* _SOURCE INFORMATION_
------------------------------------------------

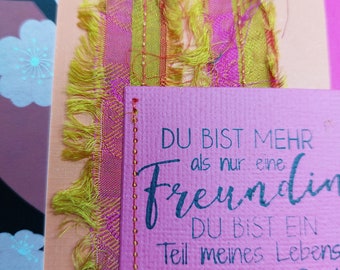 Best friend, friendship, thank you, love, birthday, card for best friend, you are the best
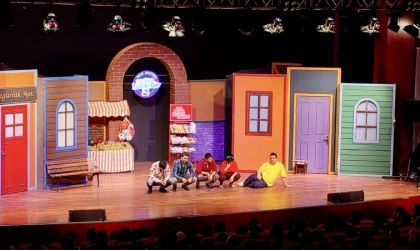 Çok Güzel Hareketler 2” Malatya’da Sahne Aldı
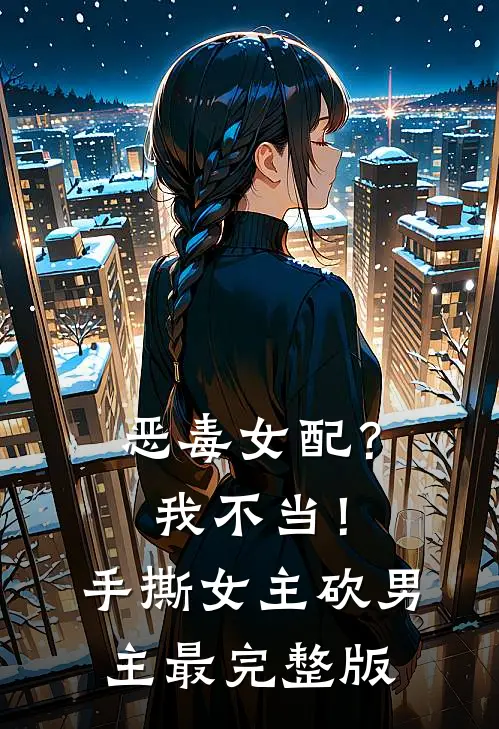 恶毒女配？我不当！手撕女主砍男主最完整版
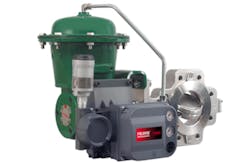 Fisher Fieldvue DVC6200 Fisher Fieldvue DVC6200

------------------------------------------------

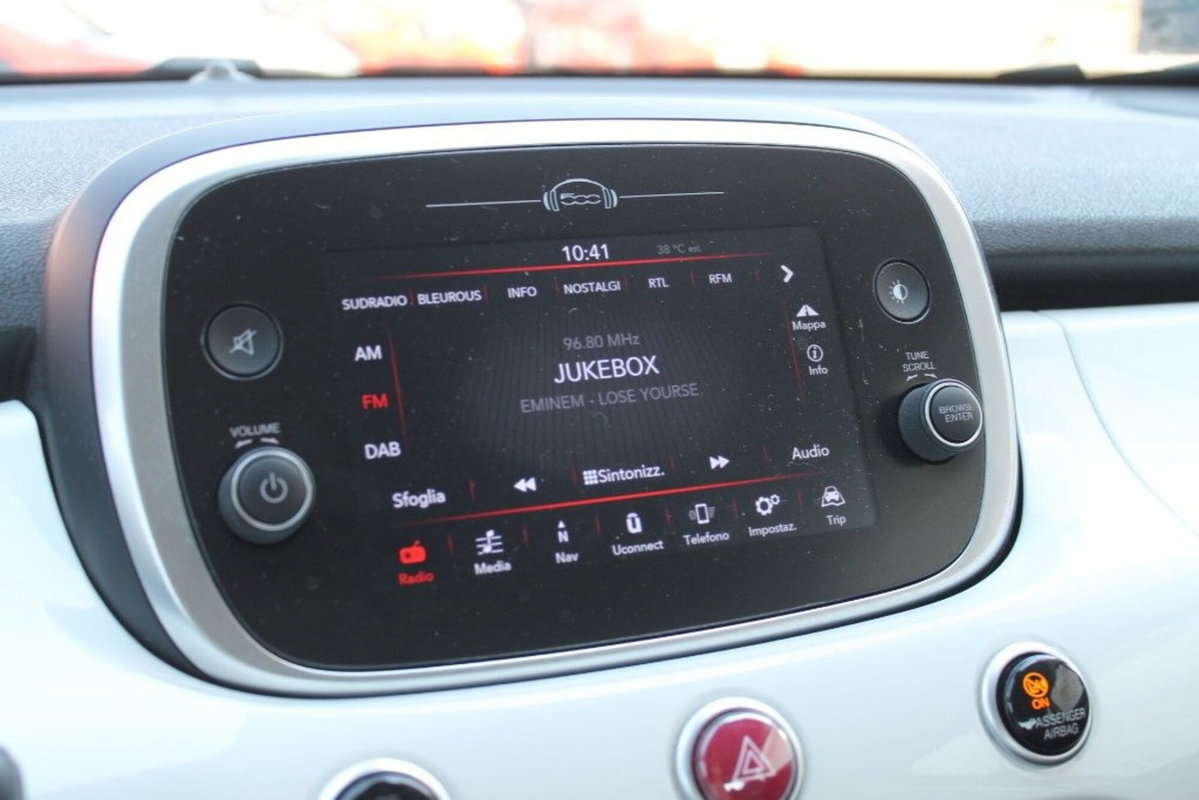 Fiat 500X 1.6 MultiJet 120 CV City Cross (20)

------------------------------------------------

* _DIRECTIONS FOR THIS TASK_
Reproduce the entries exactly, from the line with "Çok Güzel Hareketler" to the line with "Fisher Fieldvue DVC6200 Fisher", both lines included, keeping no pictures.

* _PROBLEM SOLUTION_
 Çok Güzel Hareketler 2” Malatya’da Sahne Aldı
 恶毒女配？我不当！手撕女主砍男主最完整版
 Fisher Fieldvue DVC6200 Fisher Fieldvue DVC6200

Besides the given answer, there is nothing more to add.